POSTED: 01:30 a.m. HST, Jul 21, 2011
When I first took the book in hand, I did not know that the illustration out front was a painting by Charles M. Russell, an artist whose images of the Old West made him famous.
The painting, entitled “Meat’s Not Meat ’Till It’s In the Pan,” shows a cowboy, rifle laid over elbow, gaping as a bighorn sheep he presumably hoped would be his dinner tumbles off a high, snow-covered mountain ledge as his indifferent horses stand by.
Not one to judge a book by its cover no matter how amusing, I peeled open the pages past a folksy map and read the opening lines. Hooked.
As Borders takes its leave from the retail market, readers won’t be deprived of books. The surviving mega-bookstore company, small shops and online sellers that have cut broad inroads through bricks-and-mortar turf will welcome Borders’ customers.
Whether they prefer the real thing with crinkling paper pages that release a tantalizing new-book scent that hints of adventures awaiting inside, or the more sterile, arguably more convenient, electronic versions displayed on gray screens powered up for finger swipes, readers will always have books.
How they get them should not matter, but it does, at least to me.
Like many people, I have my favorite writers and look forward to their new publications. Book reviews and websites clue in readers as to what’s coming up and offer suggestions for purchase. Word of mouth also helps in the hunt.
But I like browsing. I like walking into a bookstore, surveying the wealth of its contents and wandering through its aisles in anticipation of finding something out of the ordinary.
Though I’m usually searching for fiction, I get a kick out of blundering through the nonfiction shelves to discover a fascinating dissertation on the evolving science of forest fires or a history of quilting in America.
Stumbling across works of a novelist whose latest volume was unsatisfying and digging out her early treasures brings immense gratification.
Though the way bookstores classify books is limiting, e-shopping for stuff to read seems even more confining. (Particularly annoying are sites that track what you’ve examined or bought previously; just because you liked one George Pelecanos “thriller/mystery” doesn’t mean you want to read similar stories by lesser authors.)
Categories such as nonfiction, for example, are overly broad online, and when broken down, sift bafflingly from economics to transportation to holidays. Clicking from one to the next is tedious and time consuming.

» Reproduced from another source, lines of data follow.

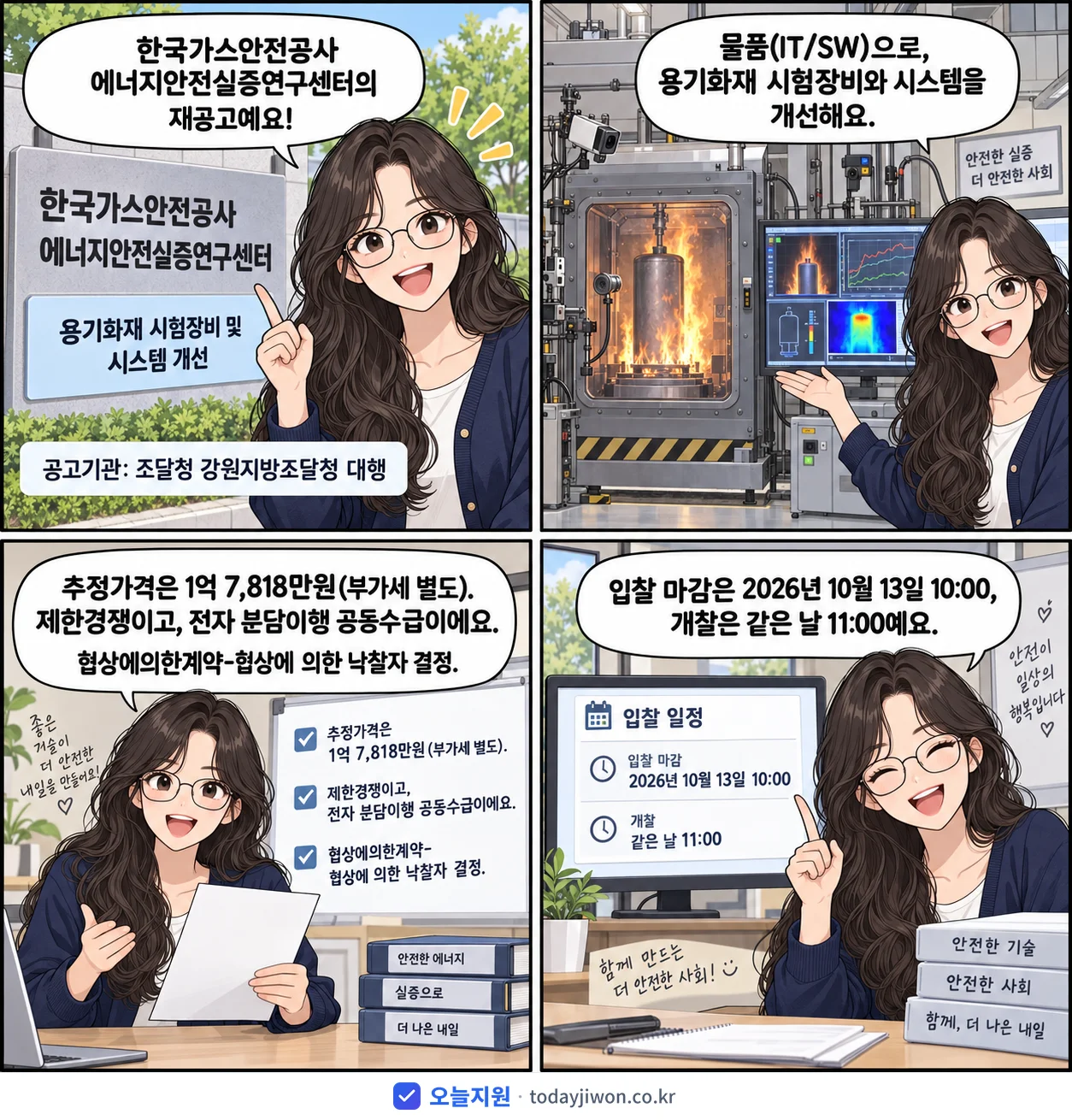4컷 만화로 보는 공고: 한국가스안전공사 에너지안전실증연구센터 '용기화재 시험장비 및 시스템 개선', 추정가격 1억 7,818만원, 입찰 마감 10/13 10:00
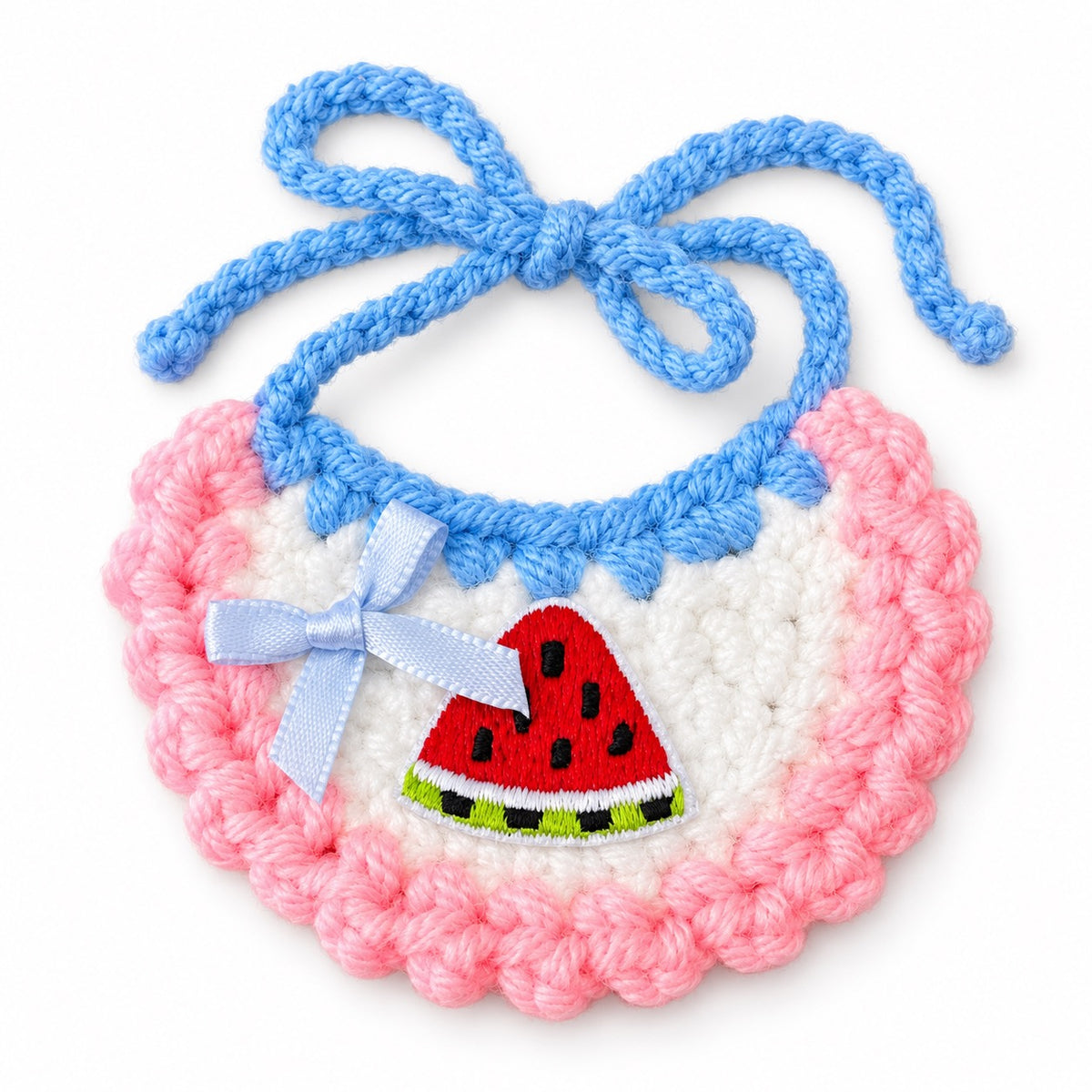Crochet Fruit Bibs for Photos - Watermelon
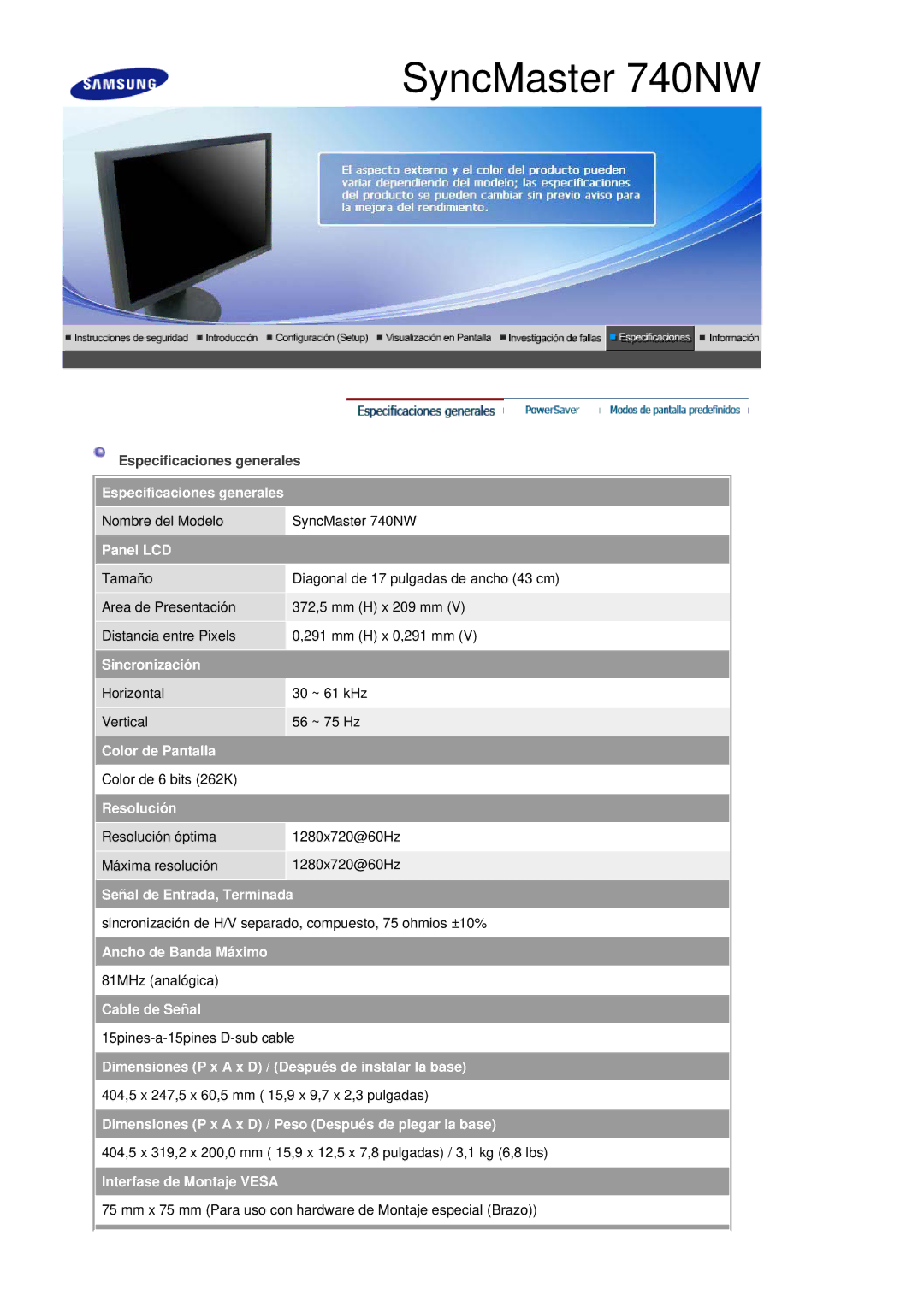 Samsung LS17HANSS/EDC Especificaciones generales, Panel LCD, Sincronización, Color de Pantalla, Resolución, Cable de Señal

Scanning titles on a shelf is quicker and at bookstores dabbling in the different is embraced, appreciated.
Then there’s the fellowship of a bookstore. Almost everybody — from “Sesame Street” kids, manga-mania youths, writer-wannabe women, travel-guide researchers to self-help consumers — has congregated there for a single, special interest: to find something to read.
By today’s marketing standards, the artwork on my old, beat-up, taped-together copy of Ivan Doig’s “English Creek” seems antiquated. Newer editions have updated covers, but the story’s the same and the randomness of my choice is in itself a reward.